Cássio já vem sendo criticado há algum tempo, situação que se intensificou no ano passado, quando o time alvinegro brigou para não ser rebaixado no Brasileirão. O momento oscilante do goleiro, portanto, coincide com a fase terrível do time. Afinal, as falhas são indícios de que Cássio já não é mais o mesmo e pode estar perto do encerramento da carreira ou representam apenas o reflexo de um clube em crise longa e intensa? O Estadão ouviu ex-goleiros para analisar a situação.

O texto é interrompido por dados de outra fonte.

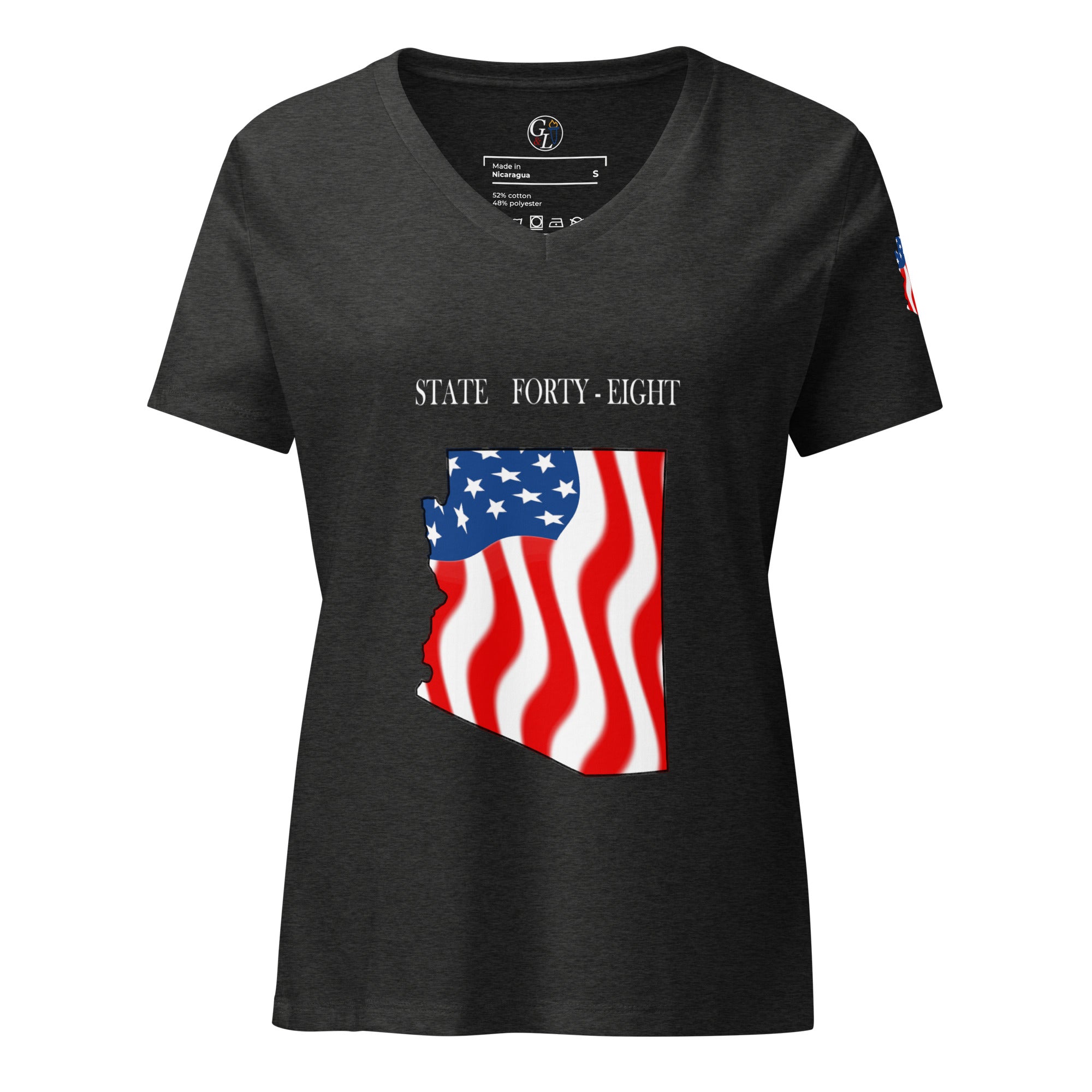 Gray women's patriotic American Flag Arizona t-shirt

Fernando Prass, que rivalizou com Cássio nos tempos em que jogou no Palmeiras, considera difícil avaliar uma situação como a vivida pelo corintiano. “A olho nu, tu não vai conseguir avaliar isso. Vão ser percepções. E as percepções são muito viciadas e condicionadas também pelo momento do time”, comenta o ex-goleiro e hoje comentarista da ESPN, que se aposentou aos 42 anos, seis anos a mais do que os 36 que Cássio tem agora.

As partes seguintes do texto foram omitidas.